Posted May. 23, 2016 07:36,   

Updated May. 23, 2016 07:45

한국어

Seventy three students from five colleges in Seoul occupied the U.S. Culture Center in downtown Seoul on May 23, 1985. They staged a three-day protest, calling for Washington’s official apology for the Gwangju Uprising. Although it was widely believed that Washington is responsible for the May 18 Democratic Movement, it was the first time that they urged the U.S. for an apology in downtown Seoul. Although the student protestors disbanded saying that they did not want to influence the inter-Korean Red Cross talks in Seoul, the protest led to the dismissal of Lee Hyun-jae, the then dean of Seoul National University, and Kim Seok-hui, the then justice minister.

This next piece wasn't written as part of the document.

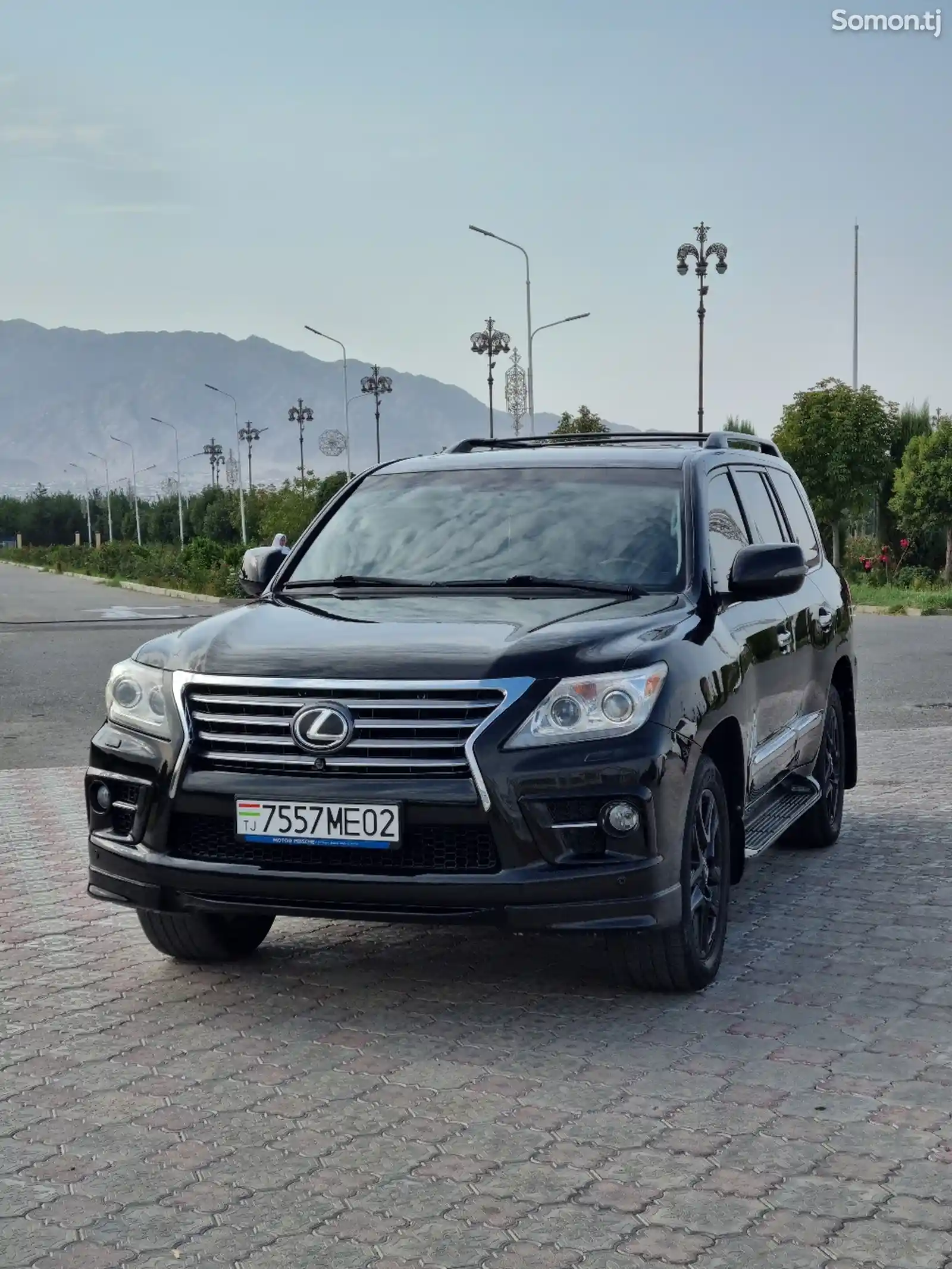 Lexus LX series, 2014-2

Pyongyang had long asked for Washington to take responsibility for the democratic movement. Kim Il Sung officially mentioned this at the sixth Congress of the Workers’ Party in October 1980. “It was the U.S that commanded the brutal killing of patriotic protestors in Gwangju, encouraged to harshly suppress democratic figures in the South, and that manipulated the fascist and dictatorial regime and placed the man-butcher in the head position.” It was not known to the world back then that Kim Il Sung mentioned Washington as a behind-the-scenes manipulator of the massacre.

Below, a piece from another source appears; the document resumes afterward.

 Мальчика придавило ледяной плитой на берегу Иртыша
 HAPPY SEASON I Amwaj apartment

Although the North Korean founder blamed Washington, saying, “It is responsible for the bloody tragedy that makes us shudder,” what he really wanted was something different. “We have proposed Washington several times for materializing talks between North Korea and the U.S. and signing a peace treaty,” Kim said, changing the tone. “We propose Washington once again to negotiate over changing the cease-fire treaty to a peace treaty.” He even sugarcoated by saying that such proposal is consistent with American citizens’ interests and hopes.

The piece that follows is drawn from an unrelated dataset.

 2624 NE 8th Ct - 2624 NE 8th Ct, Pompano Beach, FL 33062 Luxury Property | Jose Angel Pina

Washington officially clarified to this in a statement answering to questions at the special committee for the democratic movement at the National Assembly on June 19, 1989. Still, some people do not believe this. Although not all activists do not claim anti-U.S. today, the U.S. Embassy is heavily guarded. Had the generation who went to college in the 1980s known that Kim Il Sung criticized Washington mentioning Gwangju and begged for a talk between Washington and Pyongyang at the same time, would its anti-U.S. sentiment have changed?